• Exercise prompt: Every line between the one containing "While we could" and the last line of the data, both included, is to be set down exactly, and pictures are to be omitted.

[Stored data]
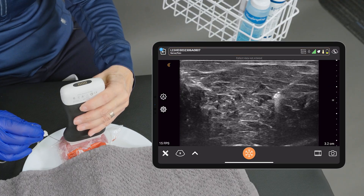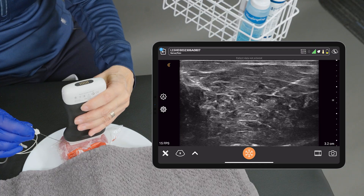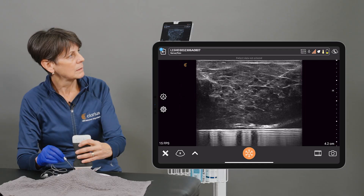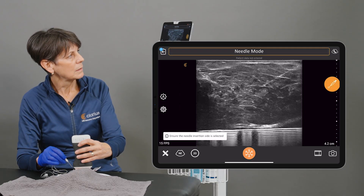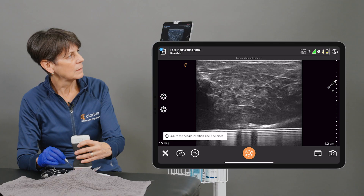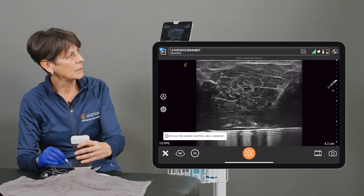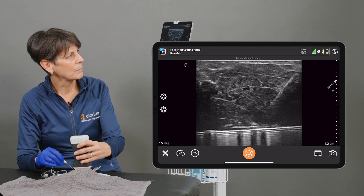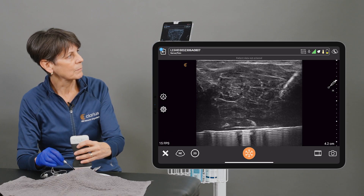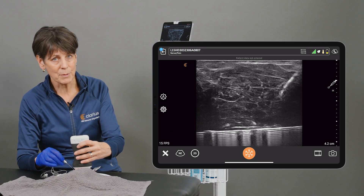If I increase the trajectory of my needle — Needle Mode — it really lights up your needle there, even at this steep of an angle.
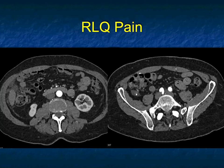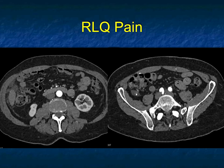Mass, probably appendix, calcification — could be appendicitis, could be just an appendicolith. But then you couldn't explain the implants on the omentum. This was a mucocele of the appendix, which commonly has calcification with omental implants. What a great case.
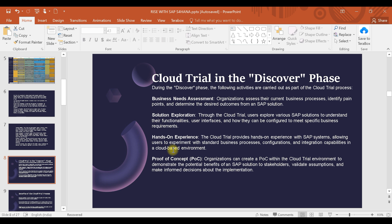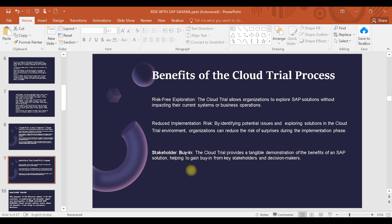What are the benefits of the cloud trial? The first benefit is risk-free exploration. Just like any software gives a trial version before you purchase, a trial lets you explore without risk. You get a system where you can explore scenarios and work without any impact on your current business system, because it is a separate or dummy system.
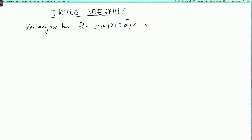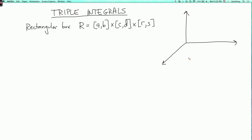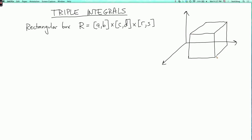While we could use E and F for the third interval, we usually use those letters for other things, so let's make the third interval R, S. So it's just a rectangular box in Cartesian coordinates. It looks like this — what I've drawn sort of looks like a cube, but the side lengths do not all have to be the same; they all have to be parallel to the axes. So here's our rectangular box R.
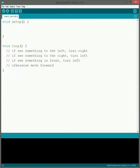All right, so today we're going to be programming the mouse robot. The mouse robot right here in comments, we have the logic we need to do. If we see something to the left, then we need to turn right. If we see something to the right, turn left.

• Response to the exercise:
While we could use E and F for the third interval, we usually use those letters for other things, so let's make the third interval R, S. So it's just a rectangular box in Cartesian coordinates. It looks like this — what I've drawn sort of looks like a cube, but the side lengths do not all have to be the same; they all have to be parallel to the axes. So here's our rectangular box R.
All right, so today we're going to be programming the mouse robot. The mouse robot right here in comments, we have the logic we need to do. If we see something to the left, then we need to turn right. If we see something to the right, turn left.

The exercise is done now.